(Image-caption web data)
+ + + +

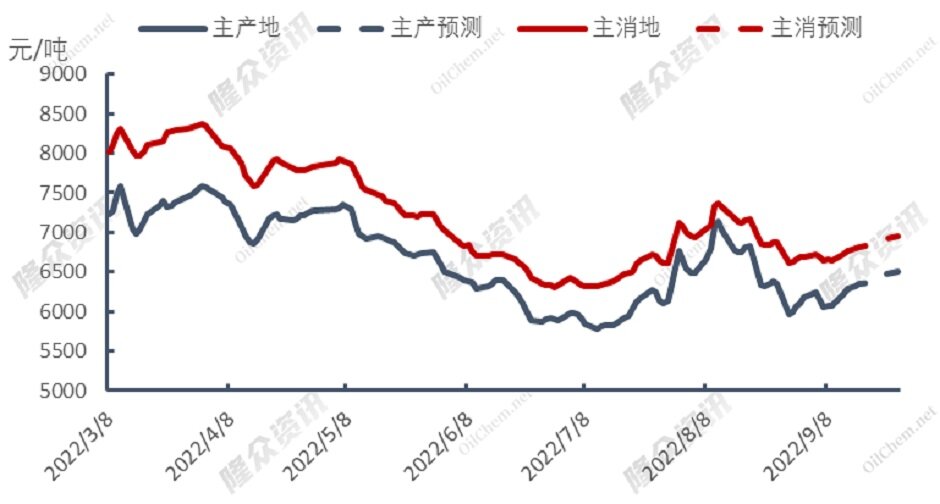 天然气投机行为削减，市场逐渐理性
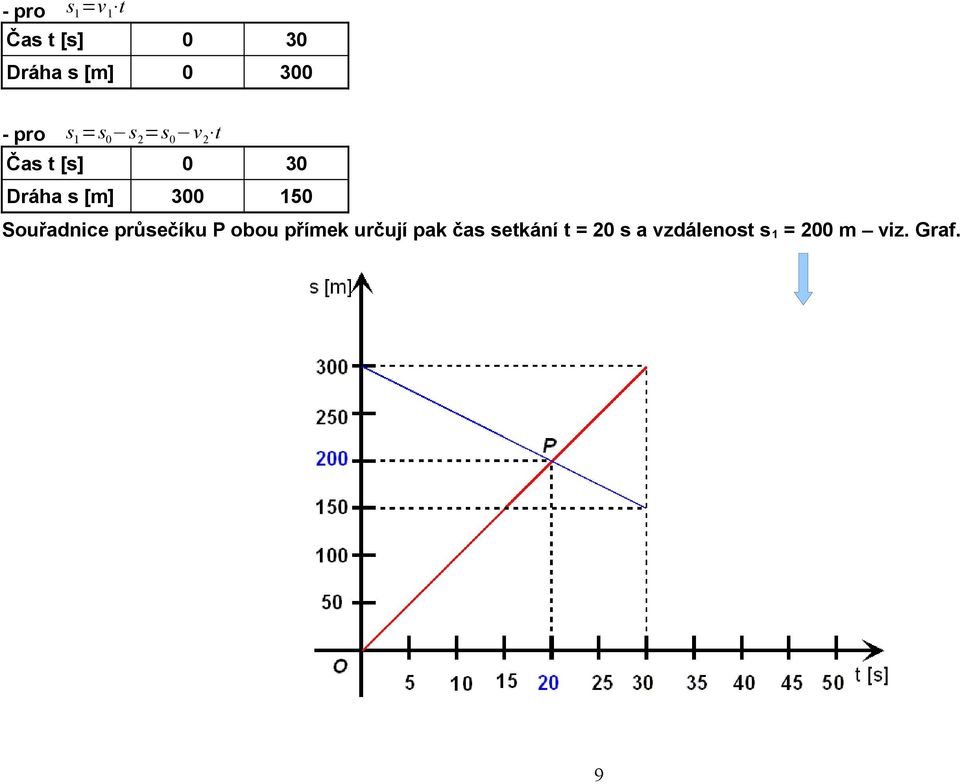 Souřadnice průsečíku P obou přímek určují pak čas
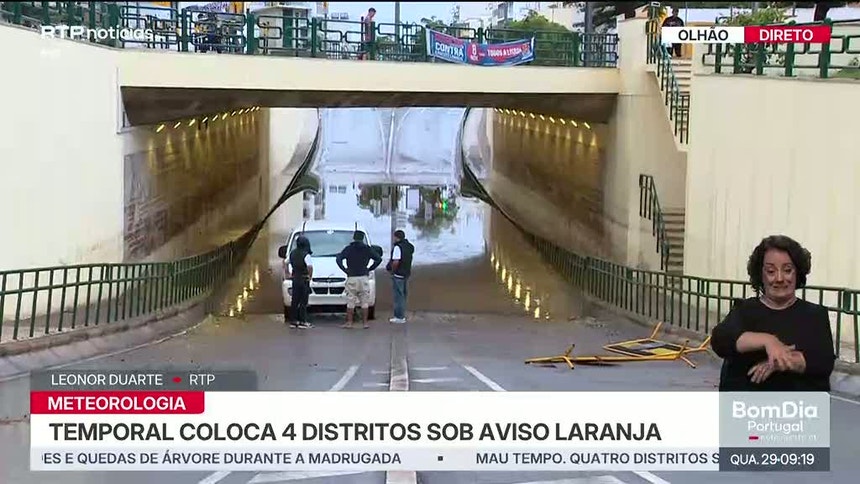 Weather conditions in Olhão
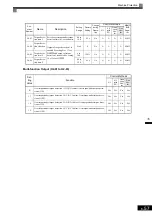 Preview for 252 page of YASKAWA Varispeed f7 Instruction Manual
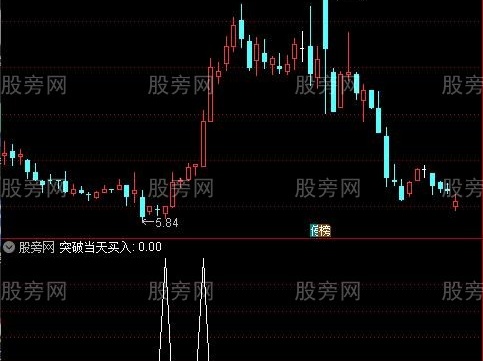 通达信突破当天买入选股指标公式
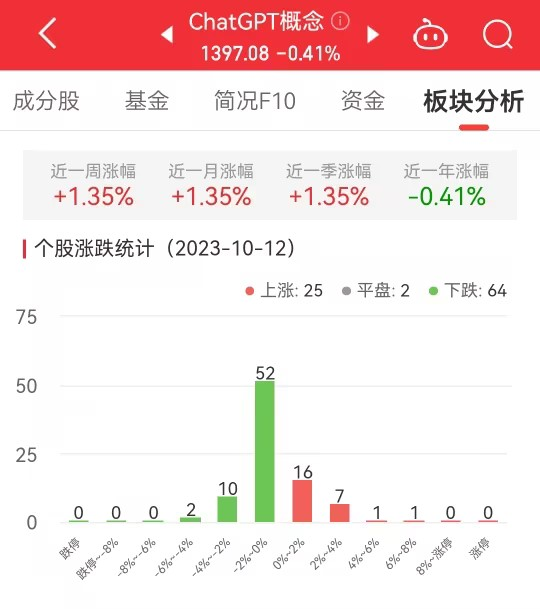 ChatGPT概念板块跌0.41% 卫宁健康涨6.58%居首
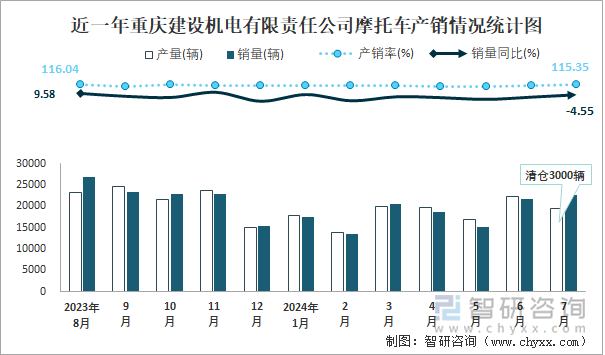 近一年重庆建设机电有限责任公司摩托车产销情况统计图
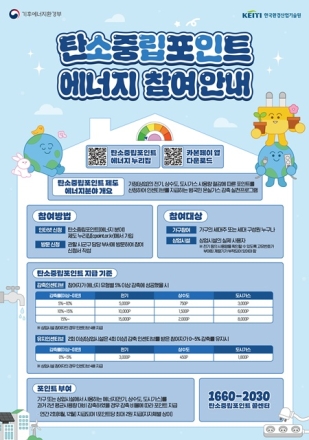 천안시, 미수령 탄소중립포인트 찾기 집중 홍보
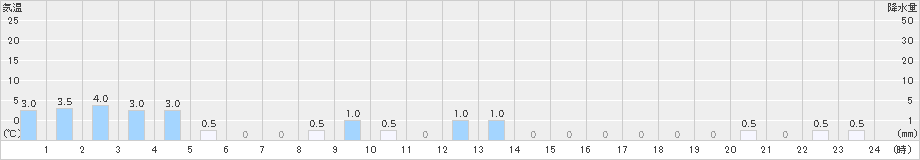 鳥形山(>2023年06月11日)のアメダスグラフ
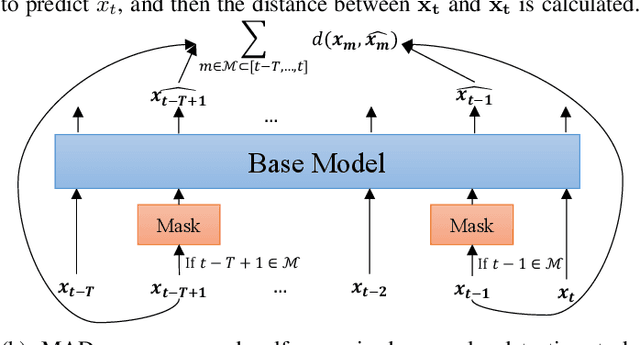 Figure 1 for MAD: Self-Supervised Masked Anomaly Detection Task for Multivariate Time Series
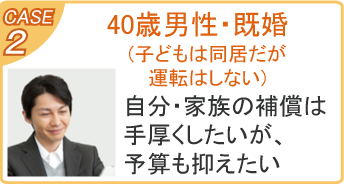 40歳男性 補償充実プラン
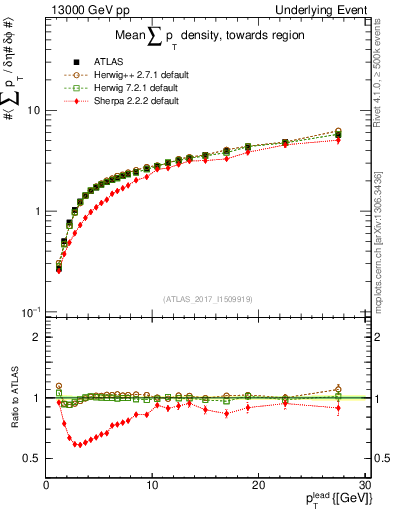 Plot of sumpt-vs-pt-twrd in 13000 GeV pp collisions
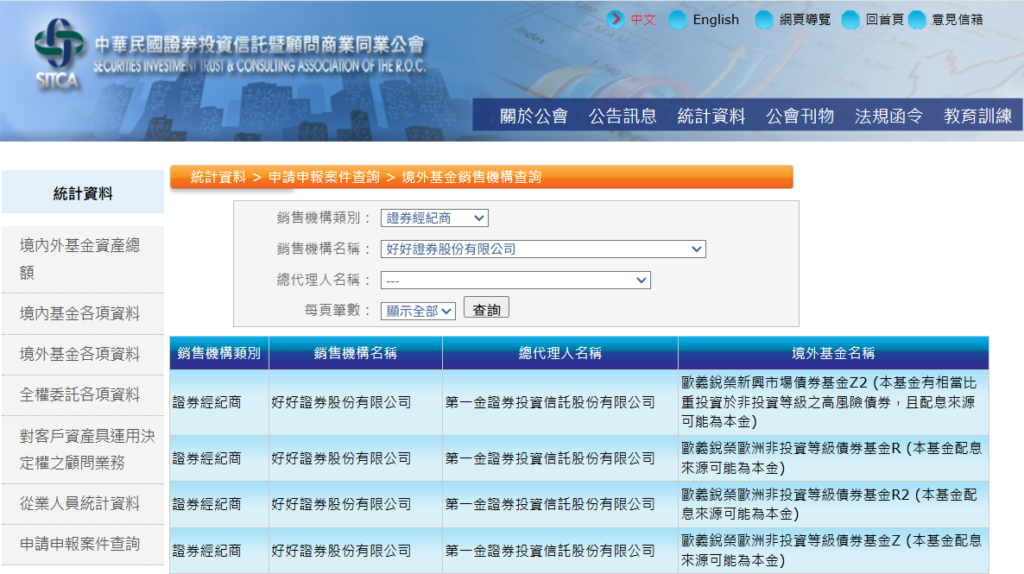 投信投顧公會：境外基金銷售機構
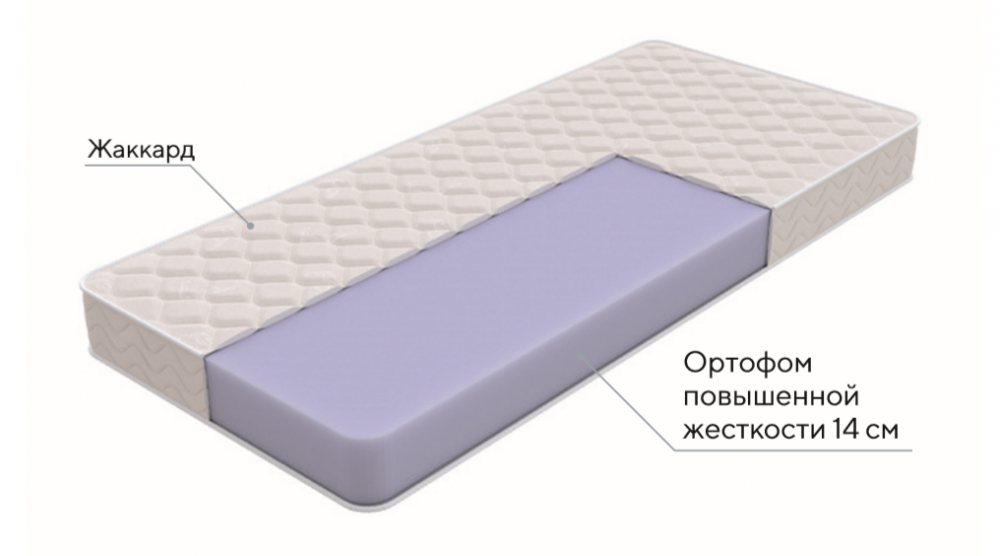 фото Матрас "Base Flex S"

+ + + +

Take the line containing "通达信突破当天买入选股指标公式" and all lines after it to the end of the data above, and reproduce them exactly, leaving out pictures. Nothing else belongs in the copy.

(Exercise answer):
 通达信突破当天买入选股指标公式
 ChatGPT概念板块跌0.41% 卫宁健康涨6.58%居首
 近一年重庆建设机电有限责任公司摩托车产销情况统计图
 천안시, 미수령 탄소중립포인트 찾기 집중 홍보
 鳥形山(>2023年06月11日)のアメダスグラフ
 Figure 1 for MAD: Self-Supervised Masked Anomaly Detection Task for Multivariate Time Series
 40歳男性 補償充実プラン
 Plot of sumpt-vs-pt-twrd in 13000 GeV pp collisions
 投信投顧公會：境外基金銷售機構
 фото Матрас "Base Flex S"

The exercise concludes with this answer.